Nous sommes très heureux de vous accueillir, chers fils, concessionnaires de 1'« Ente Fucino », venus de votre fidèle région des Marses et, plus particulièrement, de la plaine du Fucino, aujourd'hui de nouveau en renom pour la réforme agraire à laquelle vous participez.

Nous avons appris avec un grand intérêt les heureux développements de l'entreprise. Elle était vraiment difficile. Quand, en février 1951, se constitua la Société pour la colonisation de la Maremme de Toscane et du Latium, l'état juridique de votre zone et du territoire du Fucino se présentait comme fort complexe, les conditions matérielles semblaient précaires et le nombre des habitants à satisfaire supérieur aux ressources de ce territoire. Le morcellement des parties cultivables était tel qu'une grande énergie et une remarquable patience furent nécessaires pour effectuer le regroupement des terres avant de procéder a leur distribution. On put toutefois réduire le nombre des « lots » de trente mille environ à moins de dix mille, à répartir entre un nombre à peu près égal de concessionnaires. Il fallut, en outre, tenir compte de la qualité et de l'emplacement des terres. Malgré les soins les plus attentifs, on ne peut évidemment donner satisfaction à tout le monde et il en résulta des différends et des retards, dont le souvenir est maintenant en train





de se dissiper devant les avantages de la réforme. Vous constatez désormais le développement économique et les fruits sociaux de la nouvelle société à laquelle vous appartenez. La production agricole de la pomme de terre, des céréales et de la betterave a notablement augmenté, en même temps que les frais sont en quelque sorte réduits.

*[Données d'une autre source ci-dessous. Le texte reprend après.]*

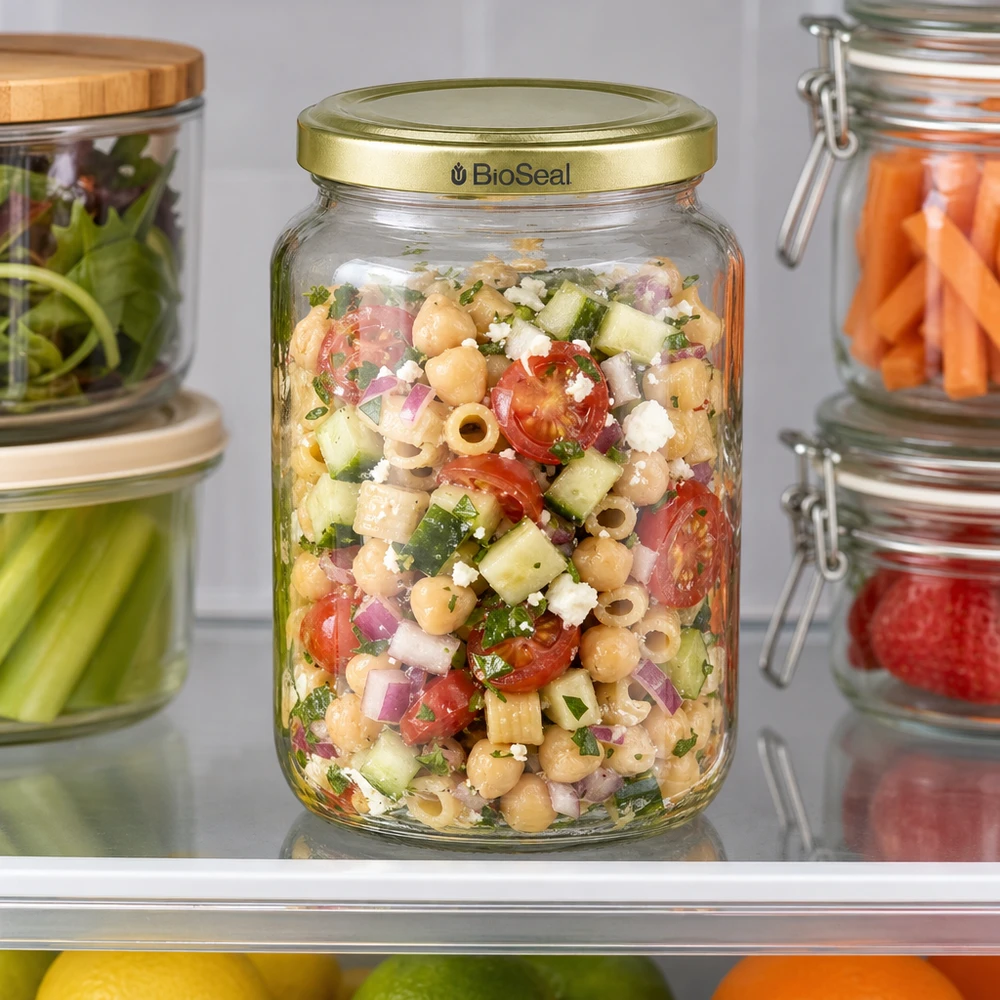 Pot à miel 1000 g avec couvercle doré BioSeal UNiTWIST 1000g BioSeal pot de miel avec salade de pois chiches colorés et légumes montre idéal Meal Prep conservation dans le réfrigérateur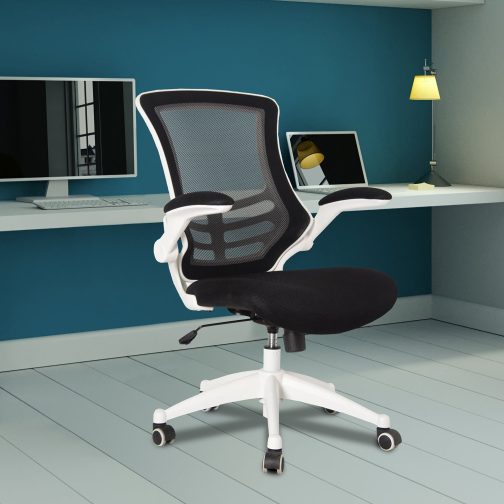 The Rome Mesh Operator's Chair Black With White Base | Colemans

Vous pouvez circuler à présent sur de meilleures routes ; vous possédez dans les diverses agglomérations du « Fucino » les services propres à tous les centres modernes : église, écoles, asiles, cercles, téléphone, télégraphe, bureau de poste.

L'élevage du bétail s'est amélioré et de nouvelles activités sont offertes à l'initiative privée. Tout cela rend désormais possible le progrès culturel, social et moral, auquel Nous Nous intéressons vivement, parce que l'Eglise a toujours spécialement désiré aider les hommes à devenir meilleurs, au fur et à mesure que les peuples arrivent à une condition de vie plus élevée. L'Eglise, éducatrice des hommes, se préoccupe non seulement des oeuvres de charité, mais aussi de l'enseignement et de tout ce qui concourt au développement de la personne humaine. Ce qu'elle a fait par le passé dans les pays les plus divers, elle s'applique à le renouveler et à l'adapter à tous les degrés de culture, pour toutes les civilisations et à travers tous les continents.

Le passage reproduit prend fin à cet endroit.